>>>>>

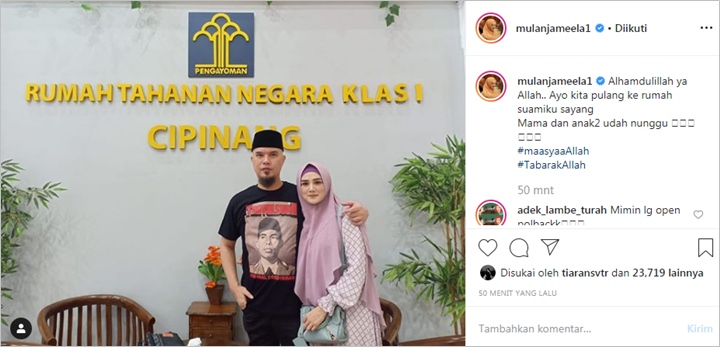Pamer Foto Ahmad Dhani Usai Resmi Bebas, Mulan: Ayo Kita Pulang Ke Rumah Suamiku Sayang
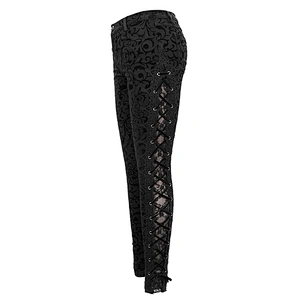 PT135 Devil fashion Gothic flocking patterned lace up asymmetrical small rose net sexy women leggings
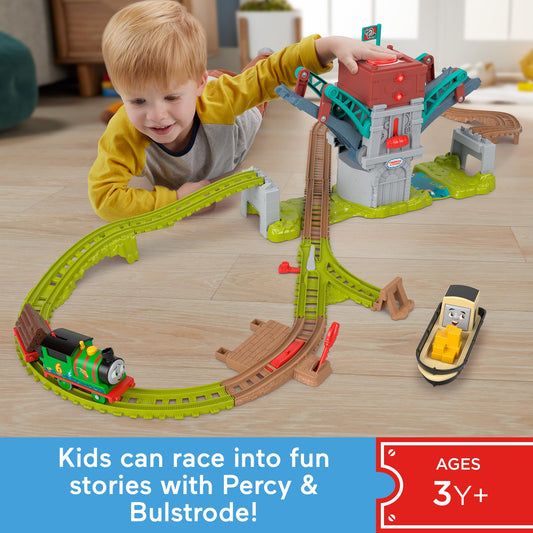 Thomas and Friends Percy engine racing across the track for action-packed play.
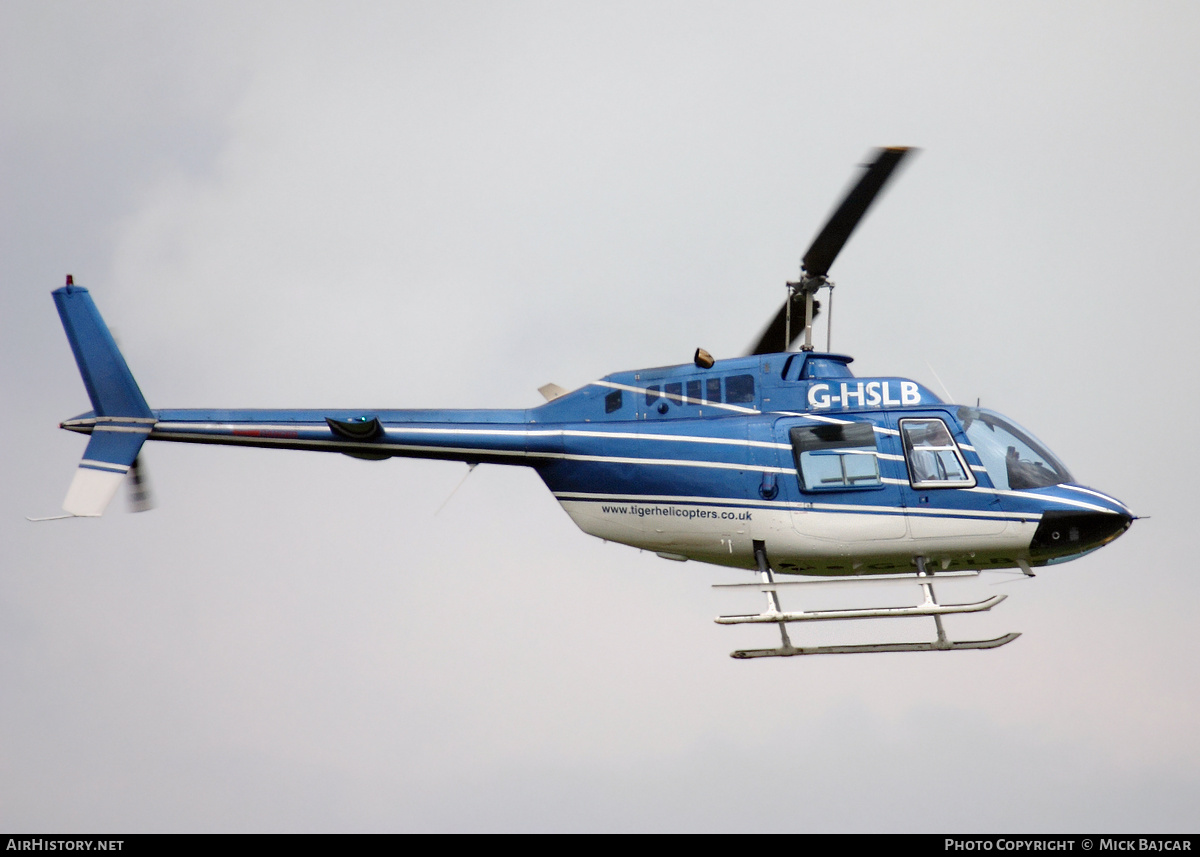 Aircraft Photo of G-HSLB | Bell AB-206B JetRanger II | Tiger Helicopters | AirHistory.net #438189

<<<<<
>>>>>

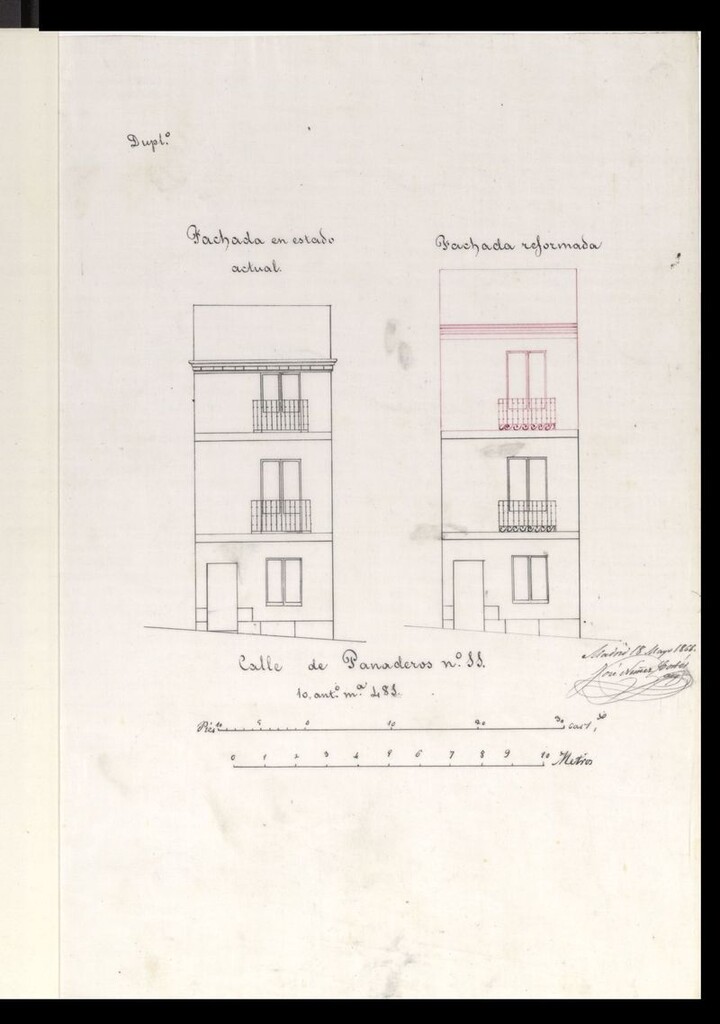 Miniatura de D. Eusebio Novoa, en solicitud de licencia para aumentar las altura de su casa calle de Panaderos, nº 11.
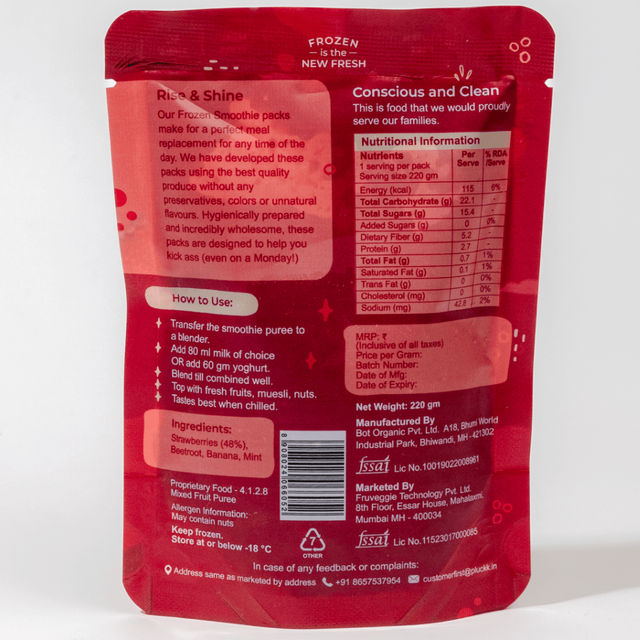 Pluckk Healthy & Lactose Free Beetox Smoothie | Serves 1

<<<<<

» Problem description
Write out the lines above from the one with "Pamer Foto Ahmad" through the one with "Aircraft Photo of", ends included, exactly; no picture goes in.

» Solution
Pamer Foto Ahmad Dhani Usai Resmi Bebas, Mulan: Ayo Kita Pulang Ke Rumah Suamiku Sayang
 PT135 Devil fashion Gothic flocking patterned lace up asymmetrical small rose net sexy women leggings
 Thomas and Friends Percy engine racing across the track for action-packed play.
 Aircraft Photo of G-HSLB | Bell AB-206B JetRanger II | Tiger Helicopters | AirHistory.net #438189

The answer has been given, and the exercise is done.